#### INSTRUCTIONS FOR THE TASK
Copy the data exactly from the line that contains "Doña Letizia, en" through the line that contains "12 Sizes-24 Pcs Press On Nails R765", keeping both end lines and leaving out everything else.

━━━━━━━━━━━━━━━━━━━━

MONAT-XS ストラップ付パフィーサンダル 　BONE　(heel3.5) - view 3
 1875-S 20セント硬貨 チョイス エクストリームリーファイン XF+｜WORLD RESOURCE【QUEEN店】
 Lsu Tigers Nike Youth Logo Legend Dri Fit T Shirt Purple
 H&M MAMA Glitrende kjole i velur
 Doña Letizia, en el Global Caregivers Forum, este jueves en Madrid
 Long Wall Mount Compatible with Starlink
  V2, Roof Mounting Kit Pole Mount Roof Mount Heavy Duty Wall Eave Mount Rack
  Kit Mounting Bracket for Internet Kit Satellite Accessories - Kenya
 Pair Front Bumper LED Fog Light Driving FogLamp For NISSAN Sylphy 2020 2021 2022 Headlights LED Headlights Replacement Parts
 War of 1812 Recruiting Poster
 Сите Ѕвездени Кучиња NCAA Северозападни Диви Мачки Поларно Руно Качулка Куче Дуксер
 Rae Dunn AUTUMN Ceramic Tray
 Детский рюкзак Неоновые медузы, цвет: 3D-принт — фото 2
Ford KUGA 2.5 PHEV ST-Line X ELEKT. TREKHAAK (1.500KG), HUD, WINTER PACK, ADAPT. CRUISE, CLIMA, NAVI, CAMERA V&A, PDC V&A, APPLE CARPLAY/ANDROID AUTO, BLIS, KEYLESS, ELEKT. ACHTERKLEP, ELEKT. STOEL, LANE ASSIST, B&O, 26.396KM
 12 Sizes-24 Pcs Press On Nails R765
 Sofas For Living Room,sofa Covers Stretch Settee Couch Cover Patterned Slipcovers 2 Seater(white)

━━━━━━━━━━━━━━━━━━━━

#### EXPECTED ANSWER
 Doña Letizia, en el Global Caregivers Forum, este jueves en Madrid
 Long Wall Mount Compatible with Starlink
  V2, Roof Mounting Kit Pole Mount Roof Mount Heavy Duty Wall Eave Mount Rack
  Kit Mounting Bracket for Internet Kit Satellite Accessories - Kenya
 Pair Front Bumper LED Fog Light Driving FogLamp For NISSAN Sylphy 2020 2021 2022 Headlights LED Headlights Replacement Parts
 War of 1812 Recruiting Poster
 Сите Ѕвездени Кучиња NCAA Северозападни Диви Мачки Поларно Руно Качулка Куче Дуксер
 Rae Dunn AUTUMN Ceramic Tray
 Детский рюкзак Неоновые медузы, цвет: 3D-принт — фото 2
Ford KUGA 2.5 PHEV ST-Line X ELEKT. TREKHAAK (1.500KG), HUD, WINTER PACK, ADAPT. CRUISE, CLIMA, NAVI, CAMERA V&A, PDC V&A, APPLE CARPLAY/ANDROID AUTO, BLIS, KEYLESS, ELEKT. ACHTERKLEP, ELEKT. STOEL, LANE ASSIST, B&O, 26.396KM
 12 Sizes-24 Pcs Press On Nails R765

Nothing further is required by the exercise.